Факт смерти вообще недоступен опыту; и люди боятся поэтому сопровождающих его разнообразных явлений. Боятся страха, или предсмертных мучений, или разлуки с близкими, или покойников…
Внимание бессознательных гедонистов направлено на агонию, на хруст костей. Они требуют от смерти, чтобы она их как-нибудь обманула. Собрался спросить чашку чая, раскрыл рот — и умер! Это смерть в легкой форме. Предел мечтаний для житейского гедонизма.
Лучшее же из всего, на что способен гедонизм философский, — это резиньяция перед последней необходимостью.
Меня удивляло, с каким подъемом Икс — человек храбрый, но пассивный и вялый — говорит о войне. Притом говорит в неожиданном для скептического интеллигента юношеском, патетическом преломлении: «К чему дожидаться старости, медленного гниения? Что может быть прекраснее, чем смерть в бою?»
Что-то тут не вязалось. Как-то в другой связи, в другом совсем разговоре выясняется неожиданно — этот человек напряженно боится смерти. И боится суеверно, фантастически. Его преследует, например, мысль о том, что смерть это нечто вроде летаргического сна, при котором сознание не вполне исчезло…
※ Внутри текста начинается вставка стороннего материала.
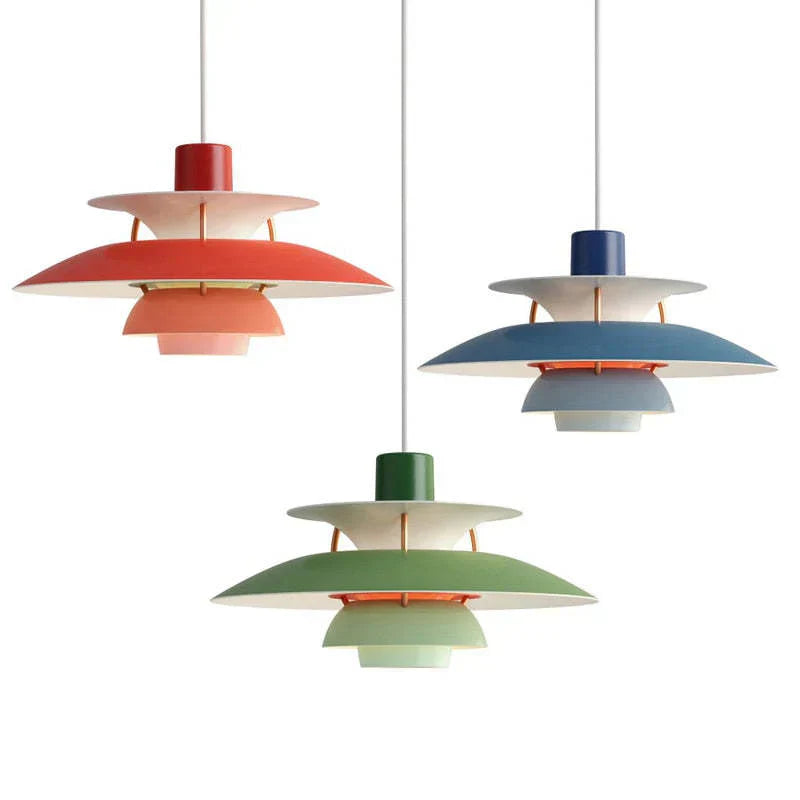 Morandi | Modern LED Hanging Lamp with Shade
Такой страх питается не жадным жизненным, напором, не чувственной цепкостью, но скорее всего истерическим воображением эмоционального человека. Наследственные суеверия усилены травмами души, с детства испытуемой впечатлениями насильственной гибели. Икс в юности раза три покушался на самоубийство (вероятно,
Представьте себе страх, оформленный суеверием, воображением… В фокусе сознания не столько смерть как таковая, сколько ее аксессуары, ее эмоциональная обстановка. Ночь, одиночество, предсмертные мысли, запах лекарства, последнее удушье, шорохи смерти, шелесты смерти… И вот возникает мечта — смерть в бою! Не шепчущая, но гремящая, не подкрадывающаяся, но внезапная, смерть в действии, смерть на людях, дневная…
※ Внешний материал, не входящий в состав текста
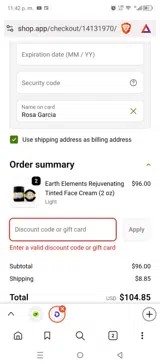 MONDAY coupon verification screenshot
Так применяется к собственной смертности сознание, воспринимающее мир в преломлении воображения и чувства. Как же примениться тем, кем владеет исключительная воля к познанию?
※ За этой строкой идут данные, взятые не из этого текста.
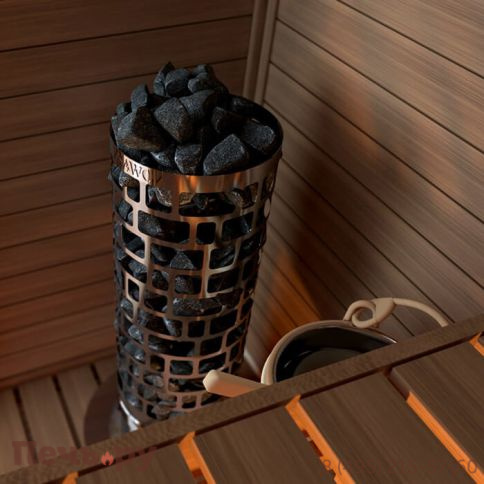 Электрическая печь SAWO Tower Aries круглая ARI3-90Ni2-P  (встроенный блок мощности Saunova 2.0. Панель управления не включена) фото 9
Равнодушие к объектам непосредственного волевого воздействия лишает интеллектуального человека мощных способов вытеснения. К тому же на то они и интеллектуальные люди, чтобы пристально всматриваться в печальные истины бытия. Но у них есть свое преимущество; в них ослаблена та органическая, физическая приверженность к жизни, в которой таится фермент смертного ужаса.
Не вещи, а концепции вещей — так открывается закономерность конечности, исчерпаемости каждого индивидуального понимания. Не беспредельность вселенной, не многообразие явлений, вновь и вновь предстающих перед испытующей мыслью, — но только возможности этой мысли. Она же, каждая личная мысль, имеет предел, у которого должна остановиться. Хочет ли интеллектуальный человек вечного кружения своей исчерпавшейся мысли?
— Они могли бы совершить доброе дело, — вдруг говорит веселая, эгоистичная и любящая комфорт женщина, — и притом получить даром комнату, отравив меня.
— Как это?
— Безумно надоело жить.
— Вы же два дня тому назад говорили, что ни за что не хотите помирать.
— Ну да, умирать очень страшно, но если бы просто перестать существовать…
Интеллектуальные люди боятся небытия; чувственные — боятся умирания.
Мы как раз и не хотим перестать существовать, то есть понимать. Но мы бы не согласились стать своего рода бессмертными струльдбругами, вечно понимающими одно и то же.
Пусть еще столько-то лет на осознание всего, что можно еще осознать. В конце великое насыщение и усталость. Не та усталость от тщетного наслаждения, от рассеивающего труда, которая придает времени неощутимость и возбуждает праздное желание вернуть и исправить все поглощенное временем, — но усталость от времени замедленного и переполненного, подробно отраженного сознанием; от того, что дни были долгими.
Старое кладбище лавры превращено в музей-некрополь. Небольшую площадку старого кладбища подчистили, освободили от лишних, по мнению администрации, покойников. Кое-кого перенесли с общего кладбища. У входа в двух местах вывешены таблички с правилами: воспрещается езда на велосипедах по дорожкам, распитие спиртных напитков, игра на музыкальных инструментах, появление лиц в нетрезвом виде; воспрещается также делать надписи на могильных памятниках.